# Data Science with Pandas

* Matt Burton 
* Data Dojo 
* November 13th, 2018

## Doing Data Science with Python

* Python is a very popular programming language for *doing* data science
* Is a powerful and expressive interpreted programming lanaguage
* Is fast enough for many data processing tasks
* Can hook into lower level lanaguages like C and FORTRAN when necessary
* Has a HUGE user community and many powerful 3rd party libraries

### Essential Python Libraries for Data Science

* **NumPy** - A low-level numerical computing library with a fast multidimensional array object *ndarray*
* **pandas** - A higher level library with several user-friendly data structures for numerical computing and data processing. 
* **matplotlib** - The most used (but not necessarily loved) Python library for data visualizations. 
* **Jupyter** - A platform for interactive computing and data analysis. Allows for the creation of *notebooks* (like this one here) for conducting and publishing data workflows. IT IS GREAT!!!
* **scikit-learn** - The go-to library for machine learning in Python. Implements many popular ML algorithms, has a nice API, and has many useful helper fuctions.
* **statsmodel** - A library for "classical" (frequentist) statistics (think ANOVA). Mirrors many of the models in R. 

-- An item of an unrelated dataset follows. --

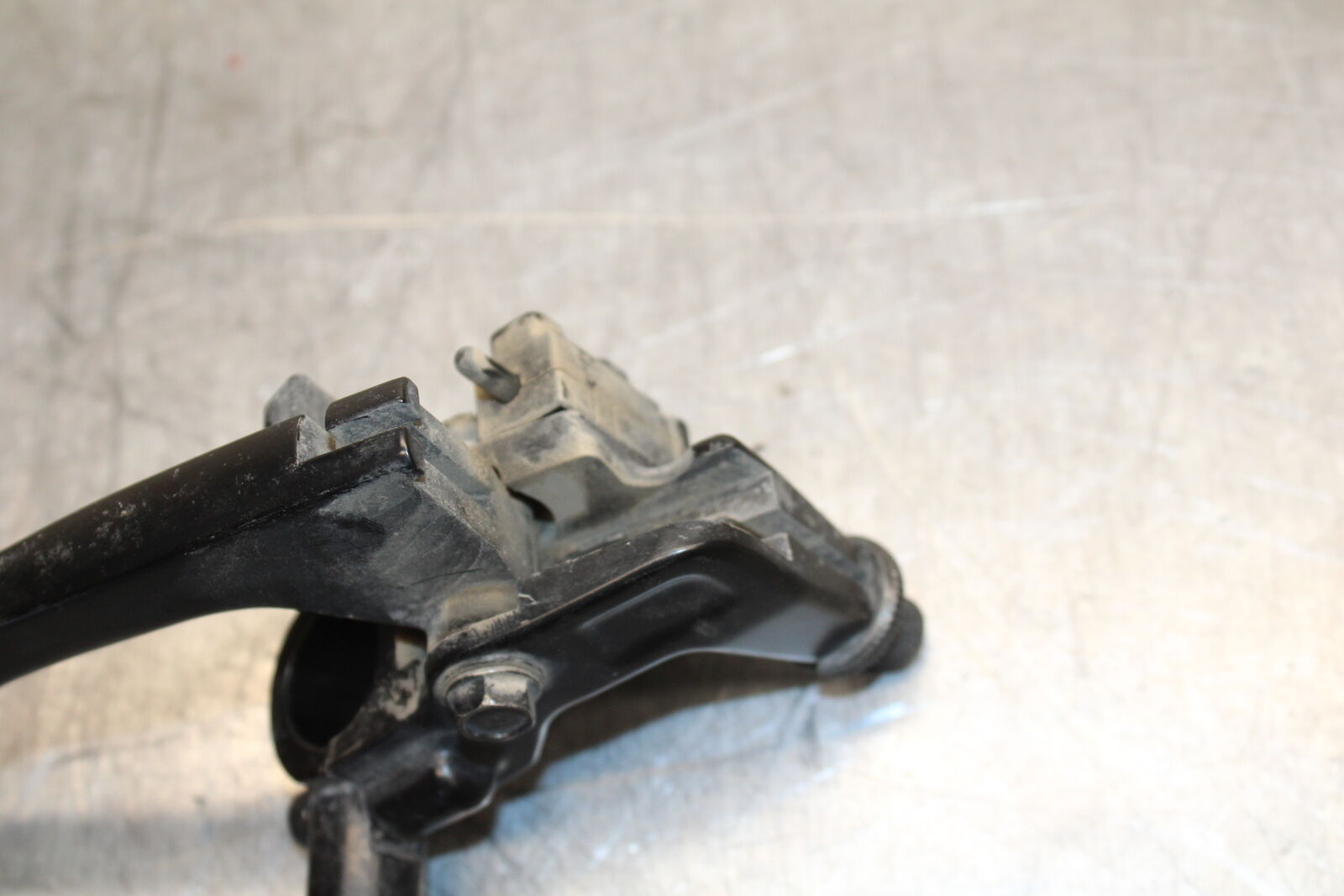 19-22 KAWASAKI Z400 CLUTCH PERCH MOUNT WITH LEVER  BB708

* All of these libraries work well together making the Python data sceince ecosystem.

## Dive into Pandas


* Pandas is a third party library for doing data analysis
* It is a foundational component of Python data science
* Developed by someone in the finance industry, but is now used by everyone
* Vanilla Python can do many of the same things, but Pandas is *faster*
* The core of Pandas are the data structures

### Pandas Data Structures

* To understand Pandas, which is hard, you need to start with three data structures
    * Series - For one dimensional data
    * Dataframe - For two dimensional data
    * Index - For naming, selecting, and transforming data within a Pandas Series or Dataframe 

### Series

* A one-dimensional array of indexed data
* Kind of like a blend of a Python list and dictionary
* You can create them from a Python list


In [None]:
import pandas as pd

In [None]:
my_list = [0.25, 0.5, 0.75, 1.0]
data = pd.Series(my_list)
data

* You can index a Series just like a list
* Use index notation to grab the 2nd element of `data`

In [None]:
# remember, index by zero so 1 is the second element
data[1]

* You can also slice Series as well
* Use slices to grab the 2nd and 3rd elements of this series

In [None]:
# slicing the 2nd & 3rd elements 
data[1:3]


* Series also act like Python dictionaries

In [None]:
population_dict = {'California': 38332521,
                   'Texas': 26448193,
                   'New York': 19651127,
                   'Florida': 19552860,
                   'Illinois': 12882135}
population = pd.Series(population_dict)
population

* You can use indexing and slicing like above, but now with keys instead of numbers!


In [None]:
population['California']

* Like a Python dictionary, a Series is a list of key/value pairs
* But these are *ordered*, which means you can do slicing
* Try slicing this series, but with keys instead of numbers!

In [None]:
# Hint: Use the same : notation, but use the state names listed above
# Your code here:
population.loc['California':'Illinois']

* There are a couple ways of creating `Series` objects

In [None]:
# From a list with an implicit index
pd.Series([2, 4, 6])

In [None]:
# From a list with an *explicit* index
pd.Series([2, 4, 6], index=['a','b','c'])

In [None]:
# From a dictionary so keys are the index and get sorded by keys
pd.Series({2:'a', 1:'b', 3:'c'})

### DataFrame

* `DataFrames` are the real workhorse of Pandas and Python Data Science
* We will be spending a lot of time with data inside of Dataframes, so buckle up!
* `DataFrames` contain two-dimensional data, just like an Excel spreadsheet
* In practice, a `DataFrame` is a bunch of `Series` lined up next to each other

In [None]:
# Start with our population Series define above
population

In [None]:
# Then create an area Series
area_dict = {'Illinois': 149995, 'California': 423967, 
             'Texas': 695662, 'Florida': 170312, 
             'New York': 141297}
area = pd.Series(area_dict)
area

In [None]:
# Now mash them together into a DataFrame
states = pd.DataFrame({'population': population,
                       'area': area}   )
states

* Pandas automatically lines everything up because they have shared index values

In [None]:
print(area.index)
print(population.index)
print(states.index)

* A `DataFrame` actually has two indexes
* One for the rows (as seen above)
* An another for the columes

In [None]:
states.columns

## Indexes

* Pandas `Series` and `DataFrames` are containers for data
* Index (and Indexing) are the mechanism to make that data retrievable
* In a `Series` the index is the key to each value in the list
* In a `DataFrame` the index is the column headers, but also row headers
* Indexing allows you to merge or join disparate datasets together

## Real world data processing 

Let's write script that parses information out of an mbox email archive, `mbox-short.txt`, and put it into a Pandas Dataframe.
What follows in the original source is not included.